What is expected:
Leave the pictures out and print, word for word, the lines below from the one with "Chanelstyle plaid short" through the final line.

(Dataset entries)
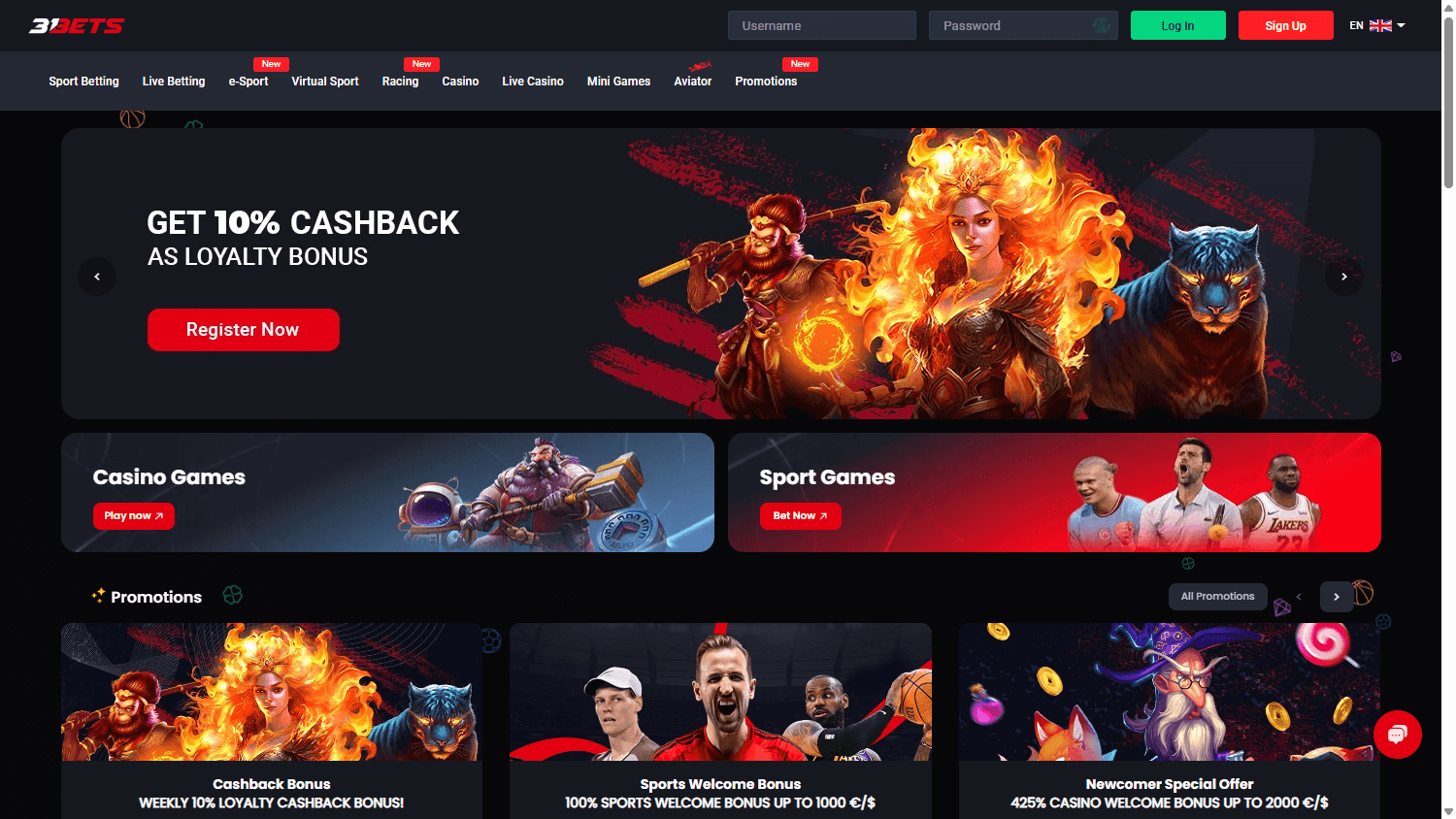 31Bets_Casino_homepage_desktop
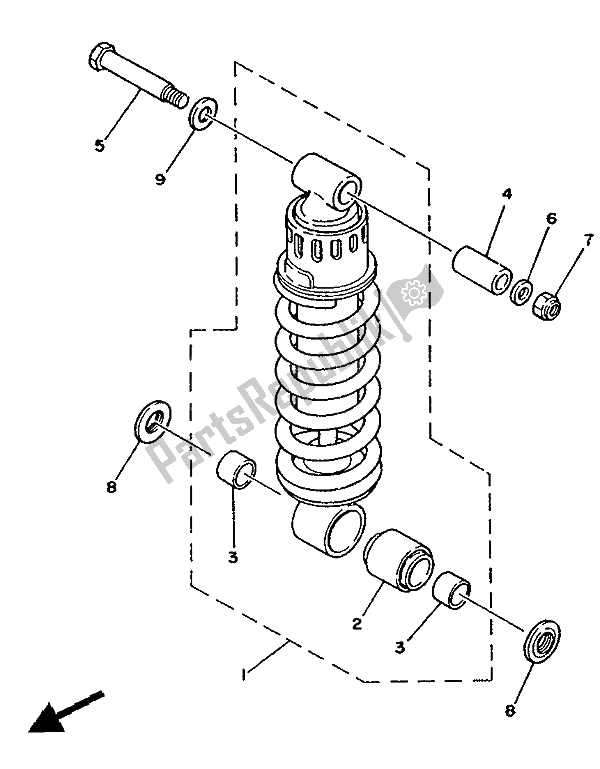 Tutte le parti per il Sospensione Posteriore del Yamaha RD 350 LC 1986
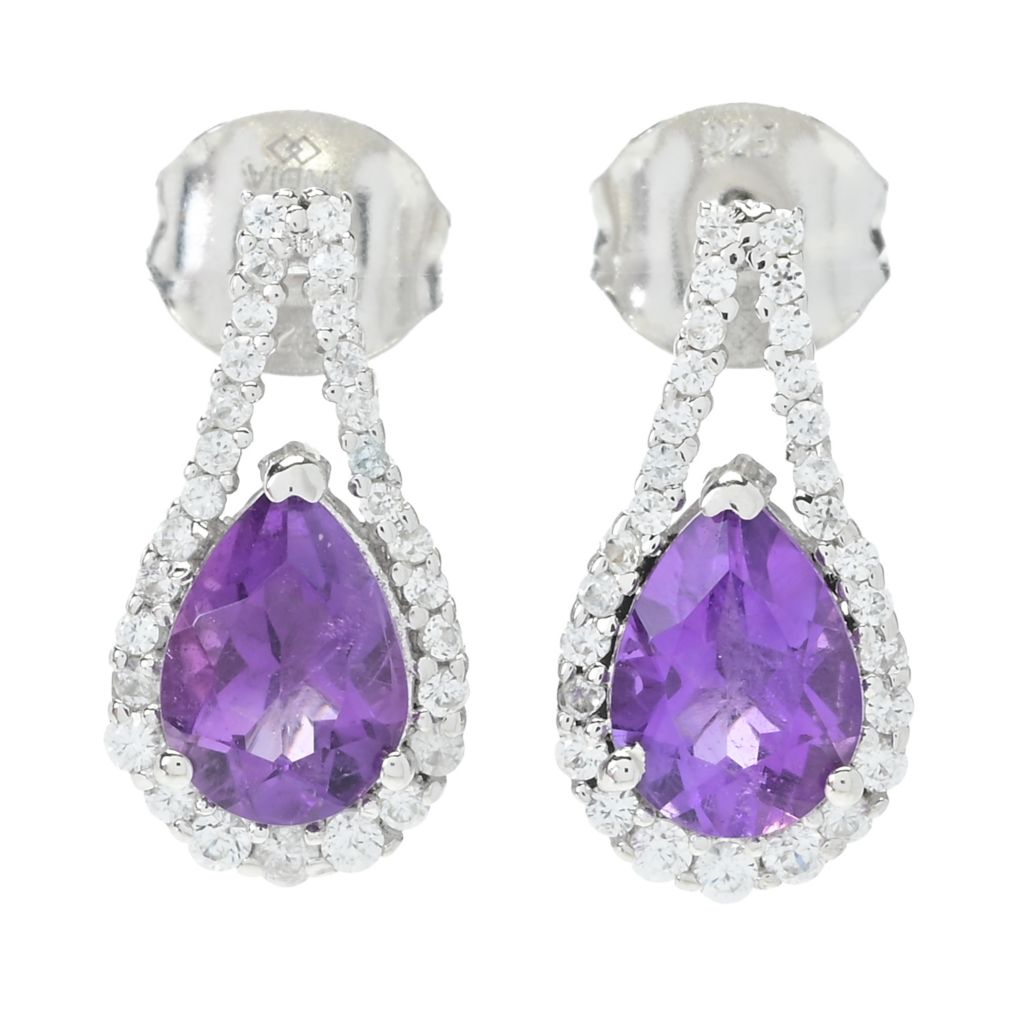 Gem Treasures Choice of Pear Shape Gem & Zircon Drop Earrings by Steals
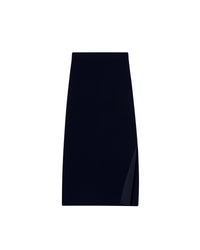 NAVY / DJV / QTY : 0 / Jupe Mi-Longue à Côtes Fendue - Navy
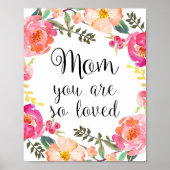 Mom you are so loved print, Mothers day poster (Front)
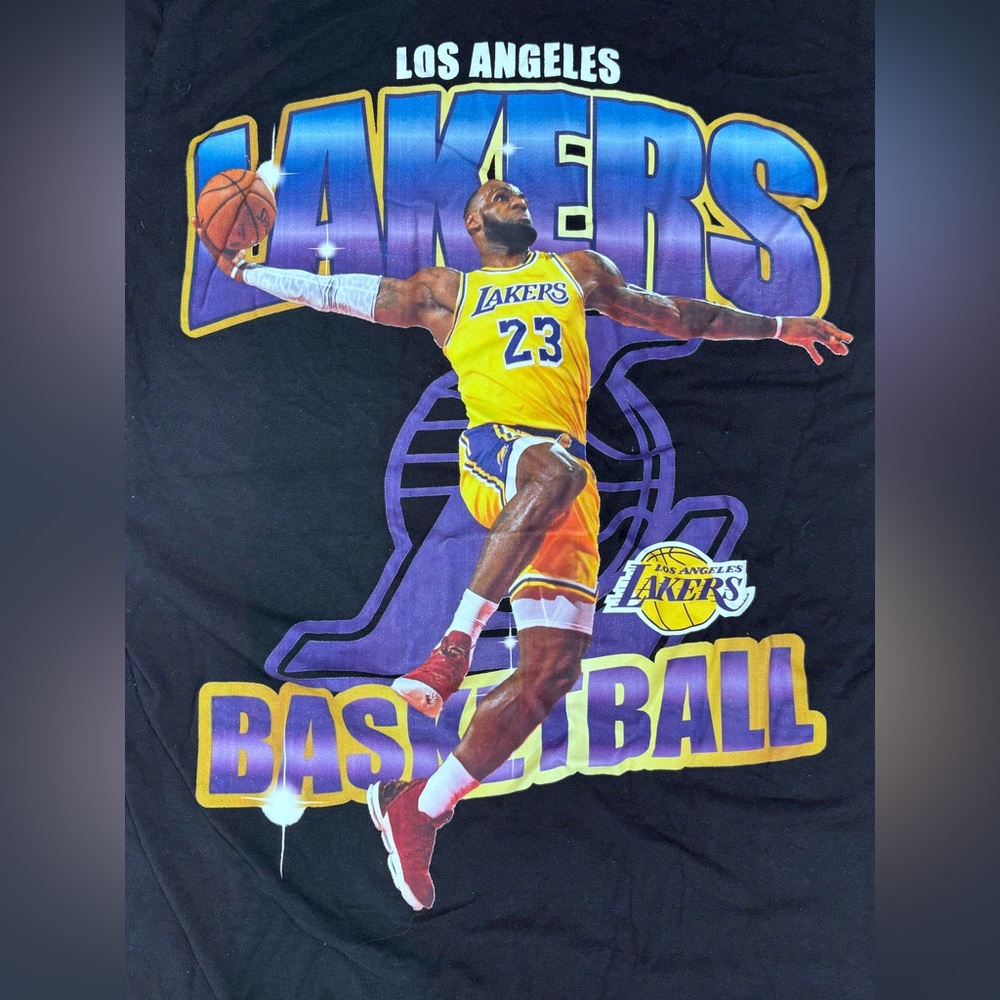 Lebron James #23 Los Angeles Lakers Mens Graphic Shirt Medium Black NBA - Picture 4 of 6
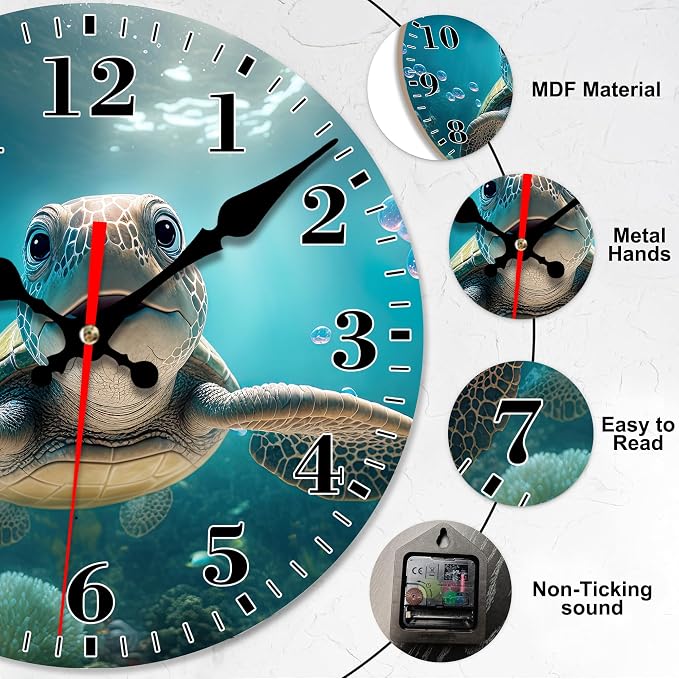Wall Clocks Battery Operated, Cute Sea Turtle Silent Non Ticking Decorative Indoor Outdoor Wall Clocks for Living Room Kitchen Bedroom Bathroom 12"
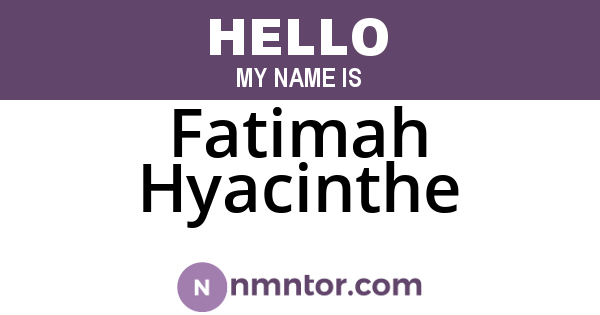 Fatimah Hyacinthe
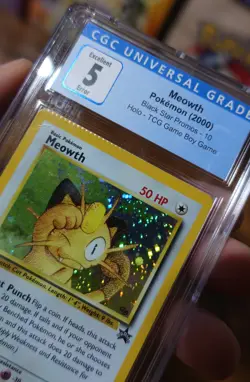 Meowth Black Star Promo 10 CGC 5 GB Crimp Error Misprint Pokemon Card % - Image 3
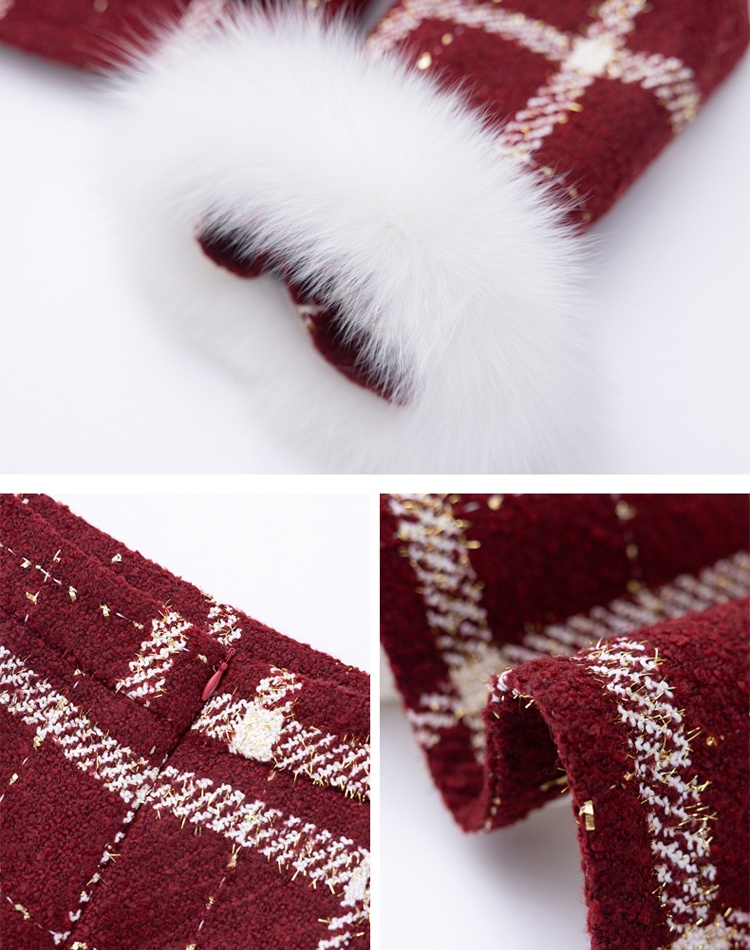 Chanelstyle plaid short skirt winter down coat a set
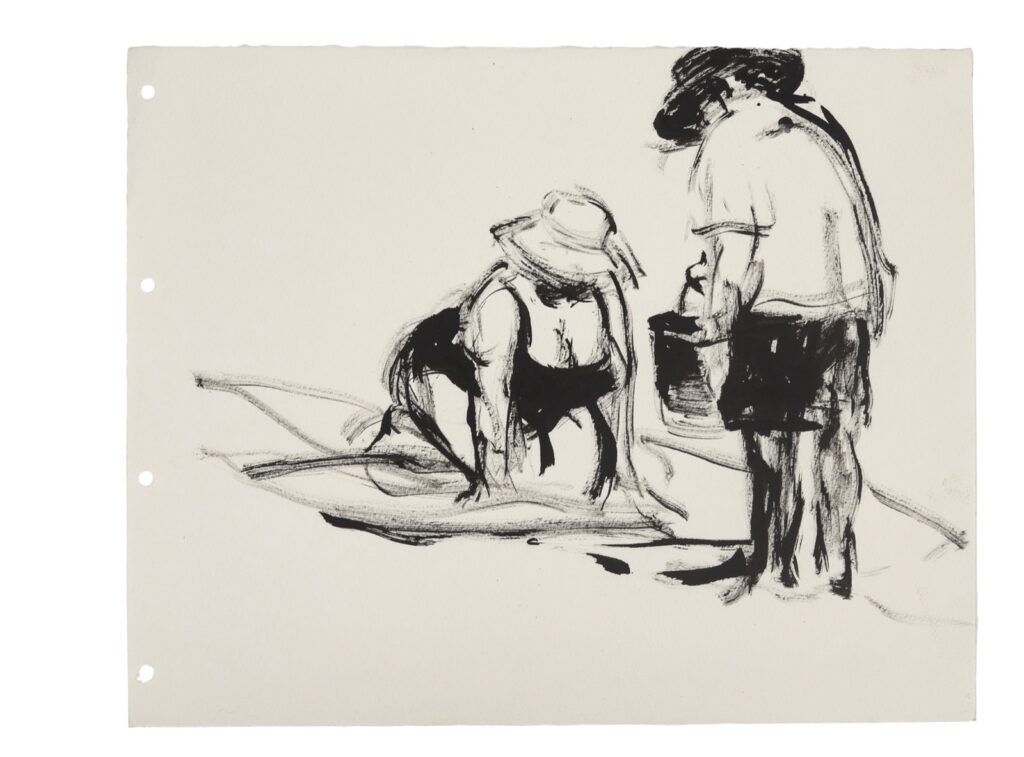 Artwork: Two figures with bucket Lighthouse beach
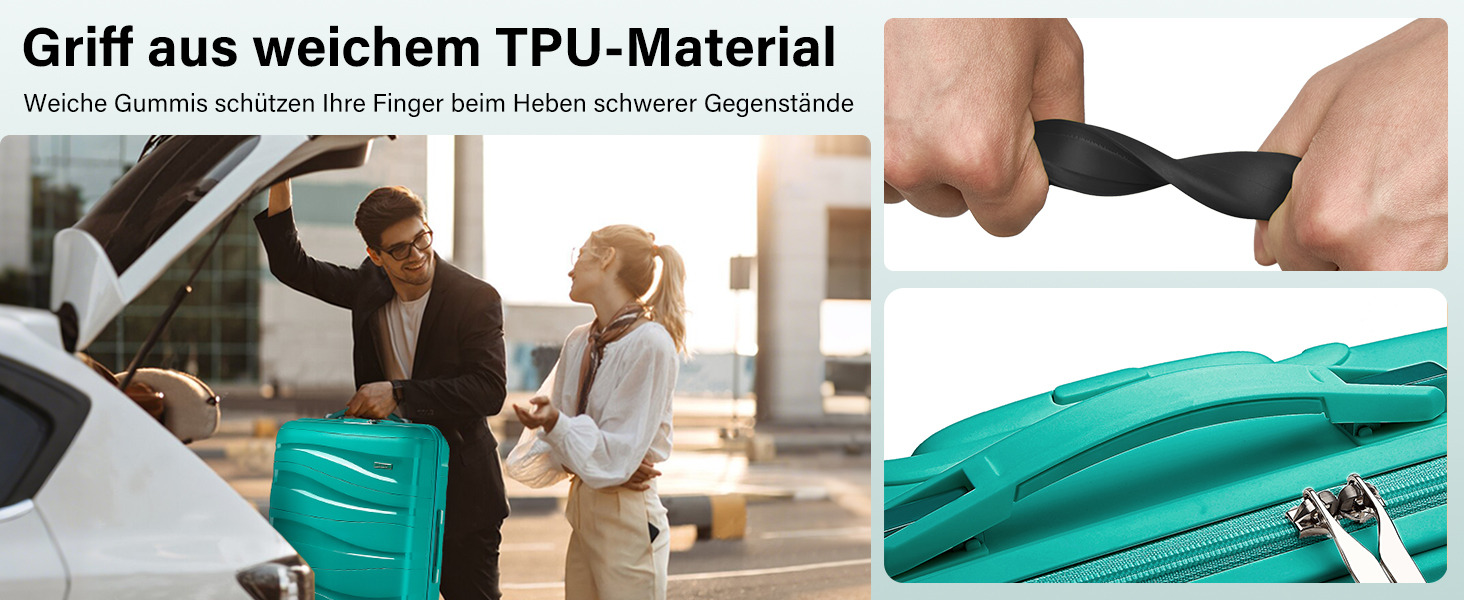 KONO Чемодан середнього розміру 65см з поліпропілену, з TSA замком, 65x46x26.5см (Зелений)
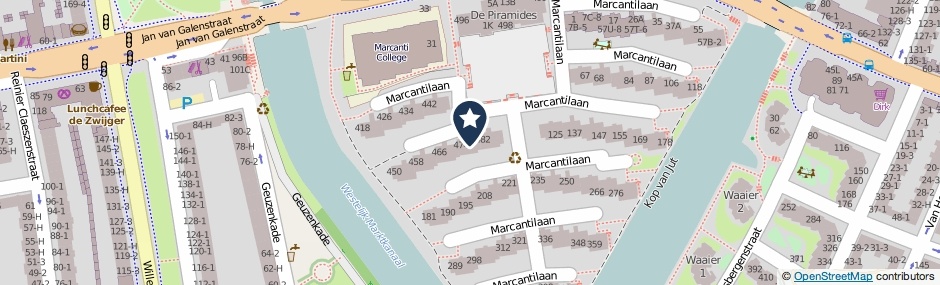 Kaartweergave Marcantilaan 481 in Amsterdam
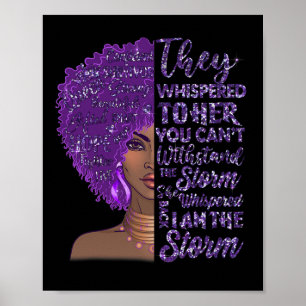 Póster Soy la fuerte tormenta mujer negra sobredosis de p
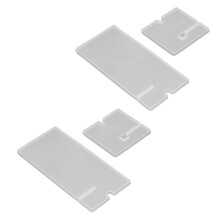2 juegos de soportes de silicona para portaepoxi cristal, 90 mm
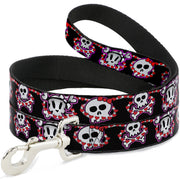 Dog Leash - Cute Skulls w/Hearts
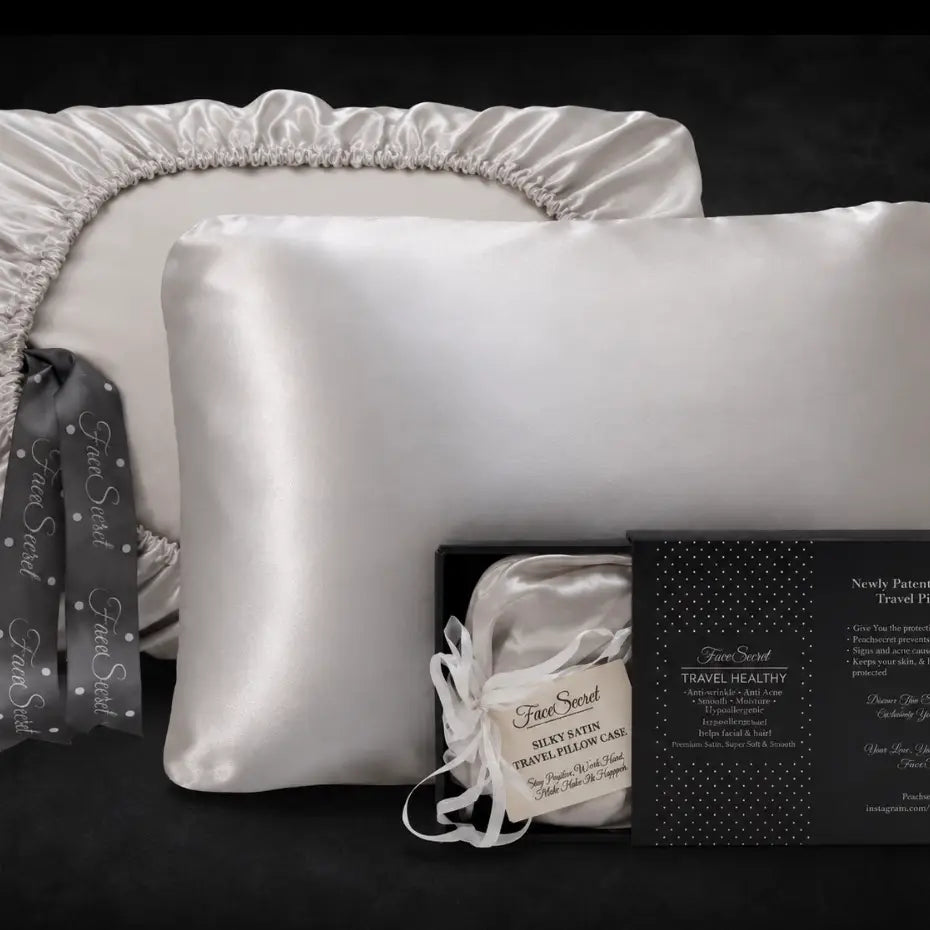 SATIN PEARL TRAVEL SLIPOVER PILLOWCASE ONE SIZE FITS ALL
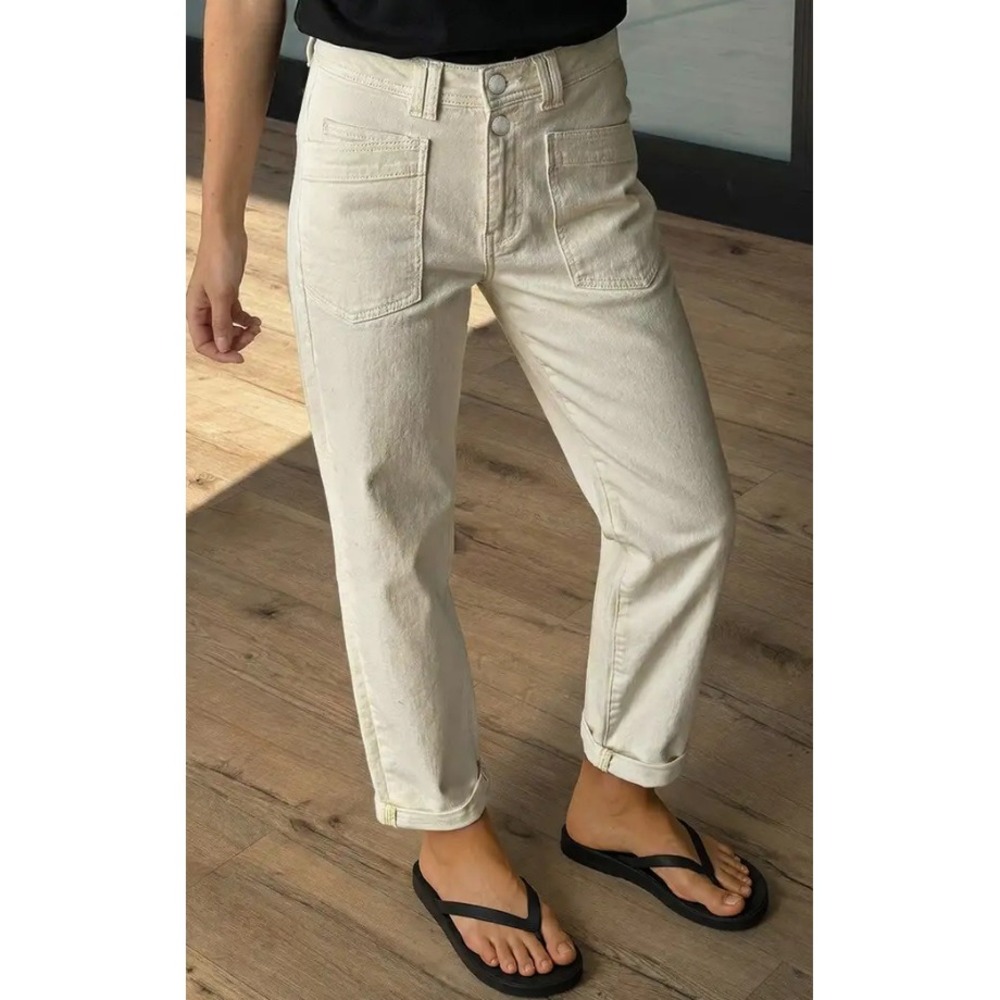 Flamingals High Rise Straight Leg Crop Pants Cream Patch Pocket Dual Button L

Your response:
 Chanelstyle plaid short skirt winter down coat a set
 Artwork: Two figures with bucket Lighthouse beach
 KONO Чемодан середнього розміру 65см з поліпропілену, з TSA замком, 65x46x26.5см (Зелений)
 Kaartweergave Marcantilaan 481 in Amsterdam
 Póster Soy la fuerte tormenta mujer negra sobredosis de p
2 juegos de soportes de silicona para portaepoxi cristal, 90 mm
 Dog Leash - Cute Skulls w/Hearts
 SATIN PEARL TRAVEL SLIPOVER PILLOWCASE ONE SIZE FITS ALL
 Flamingals High Rise Straight Leg Crop Pants Cream Patch Pocket Dual Button L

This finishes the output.